Opinião
Quantos pensam neles?
Percebemos agora, talvez como nunca, como os erros que permitem a miséria de uns podem fazer muito mal ao mundo todo. Mas às vezes, mesmo nestes dias, temos a sensação de que há facetas quase incorrigíveis.
Na verdade, o enorme drama dos milhares e milhares de refugiados, de todas as idades, enxotados pelas autoridades turcas para a fronteira com a Grécia, pouca atenção merece nos espaços noticiosos. Desde que há cerca de cinco anos começou o êxodo de milhões de pessoas para os portos de fronteiras de vários países europeus, que este nosso continente demonstrou uma grande incapacidade para lidar com o assunto. Também nessa altura ficou claro que a situação não poderia ser resolvida só aqui, com mais ou menos generosa integração, mais ou menos indesejável repressão. O investimento tinha e tem de ser feito a montante, no desenvolvimento básico e nas condições de vida das populações que tudo fazem para largar a miséria e procurarem as terras que lhes vão prometendo. Exato, nos países de origem, só lá se pode parar o êxodo e acabar com as vis oportunidades de negócio para quem transporta seres humanos para viagens de perigos e ilusões. Pois, a União Europeia fez um acordo de alívio de consciência com a Turquia, pagou bem, deu uma série de contrapartidas variadas e a Turquia aceitou receber muitos e muitos migrantes no seu território. Agora, por causa da questão síria, e não só, os acordos foram postos em causa e o Governo de Erdogan deu ordem de expulsão a todas essas pessoas. Só que a Grécia não as aceita e mandou-as regressar às suas terras de origem ou ficarem na dita Turquia.
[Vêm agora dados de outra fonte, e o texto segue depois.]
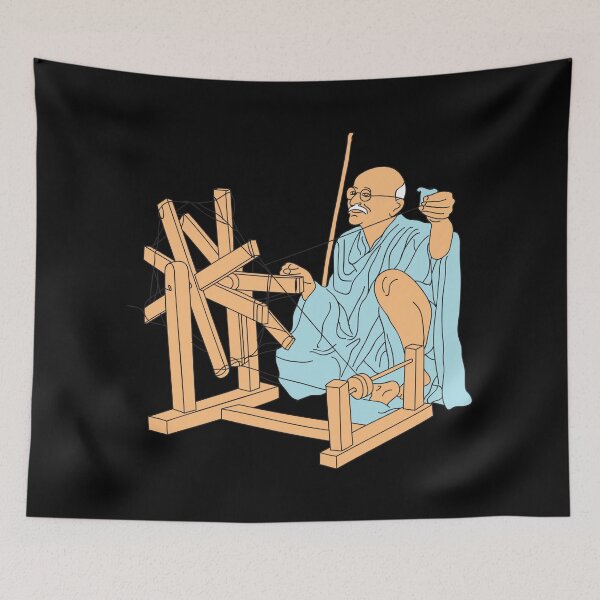 Item preview, Gandhi Charkha designed and sold by Kay Kay Design Shop.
A nós, incomoda-nos muito, consideramos compreensivelmente muito duro que nos imponham ficarmos em casa, em quarentena, para nossa defesa e dos outros. Agora imaginem o que sentirão e passarão os que ouvem ordens ao contrário, sendo-lhes dito que não têm direito a casa, só podem ficar na rua, na lama, com tempo variável, com pouca ou nenhuma comida e com nenhum conforto. E quanto tempo perdem as notícias das televisões de todo o mundo com esse drama? São dezenas de milhares de refugiados que se espalham por ilhas várias no mar Egeu. Cavam-se divisões entre a Grécia e a Turquia, entre a direita e a esquerda gregas - para lá de algumas aproximações de Tsipras às posições do primeiro-ministro Mitsokatis - mas quem paga, claro, são milhares de pessoas sem país, sem casa, sem nada. Uns são refugiados políticos e outros económicos? Pois, seguramente. Seres humanos em condições desgraçadas, isso são, seguramente: a ONU e o seu secretário-geral terão aqui um papel cada vez mais importante, principalmente, nos tais países de origem destas pessoas. E a ONU, com o seu Alto Comissariado para os Refugiados, cargo que António Guterres - personalidade de tão grande e tão sólida formação humanista - tão bem exerceu tem de ser liderante nos tempos que vamos atravessar. E liderante, também, e muito, na condução política. Sabe-se como a UE está falha e fraca. Esperemos que recupere e depressa.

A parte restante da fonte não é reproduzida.